══ DATA

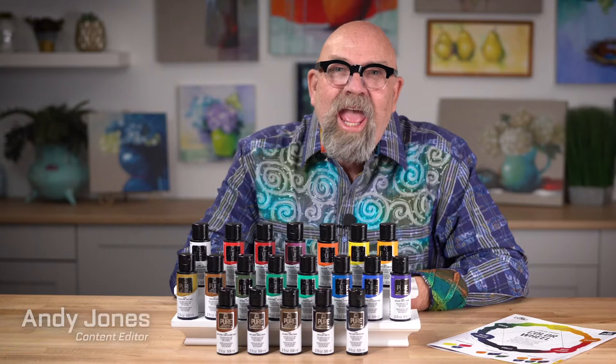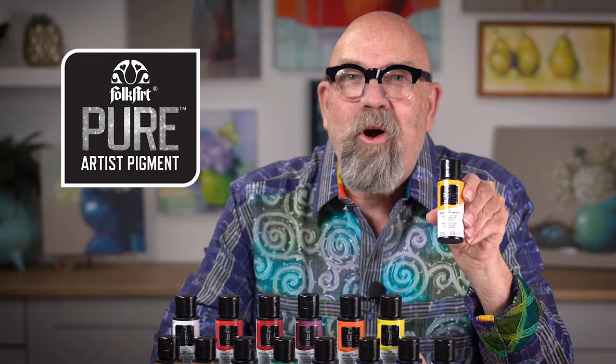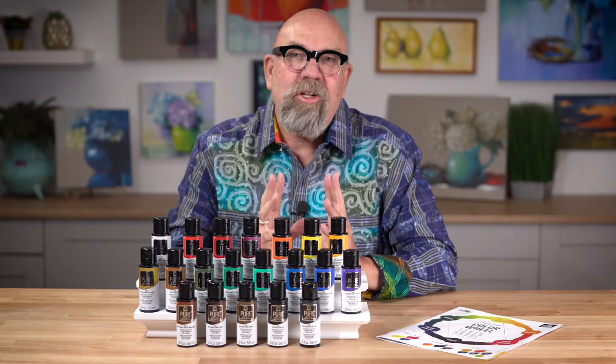Hi, I'm Andy Jones, content editor for Plaid's online education program, Let's Paint, and I am here to tell you about a great new paint. It's FolkArt Pure Artist Pigment. It's like nothing you've ever used before.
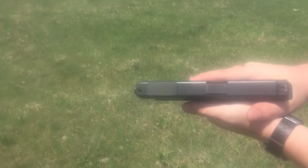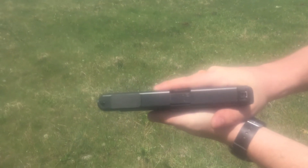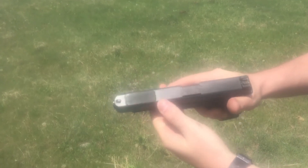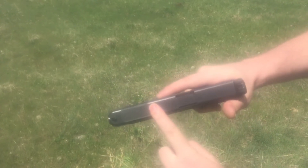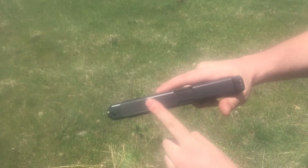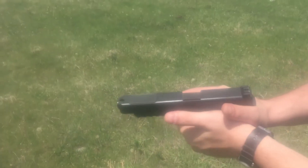First test fire of the Glock 34 lightning port insert — had to have some modifications done due to the locking surface on the barrel intersecting with the lightning hole here. That does not happen with the 17L, but I think she'll work, let's find out.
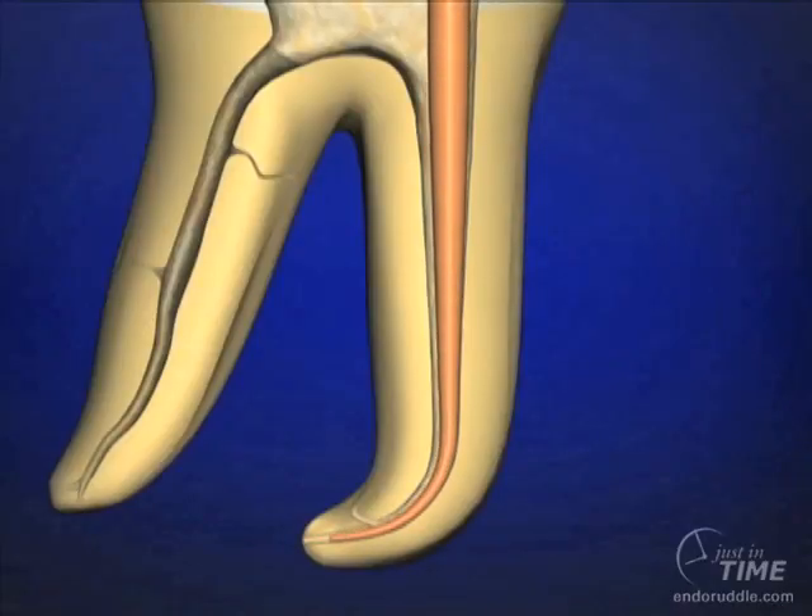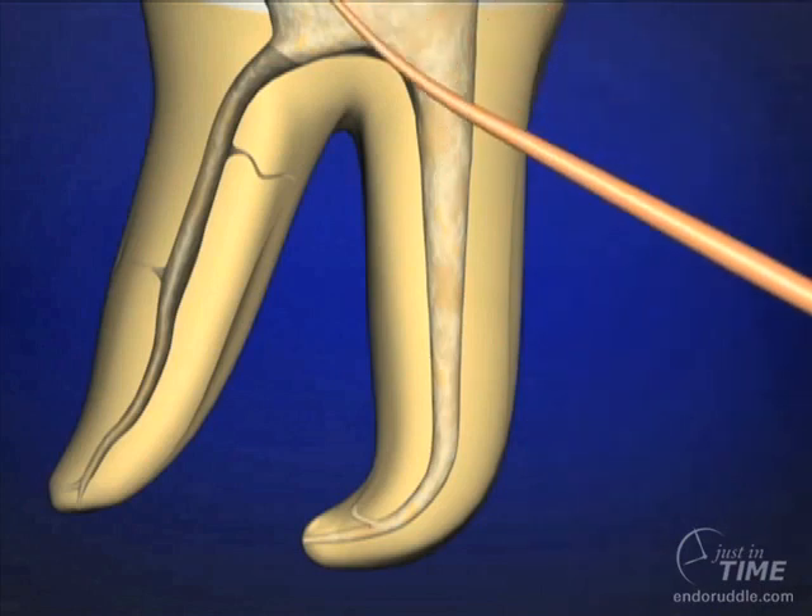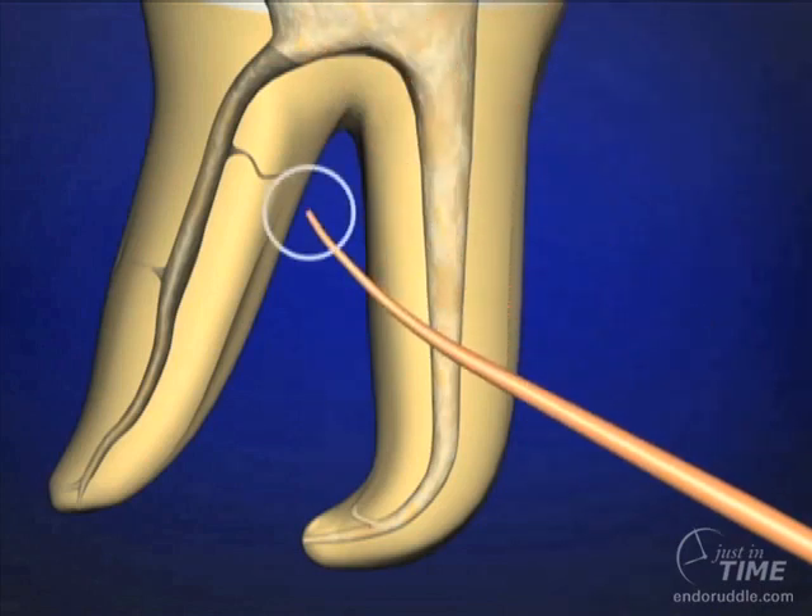Every time that cone rubs into dentin, it'll leave a little mark. If we take the cone out and look at the tip, that's where we should see the rub marks or indentations — this means we have apical tugback. The cone is smooth and shiny over its length, meaning it's free and not contacting dentinal walls in a tugback position.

════

__TRY IT__
Nothing but the lines from the one containing "First test fire" through the last line of the material may appear in the answer, transcribed exactly and with no pictures.

__WRITTEN RESPONSE__
First test fire of the Glock 34 lightning port insert — had to have some modifications done due to the locking surface on the barrel intersecting with the lightning hole here. That does not happen with the 17L, but I think she'll work, let's find out.
Every time that cone rubs into dentin, it'll leave a little mark. If we take the cone out and look at the tip, that's where we should see the rub marks or indentations — this means we have apical tugback. The cone is smooth and shiny over its length, meaning it's free and not contacting dentinal walls in a tugback position.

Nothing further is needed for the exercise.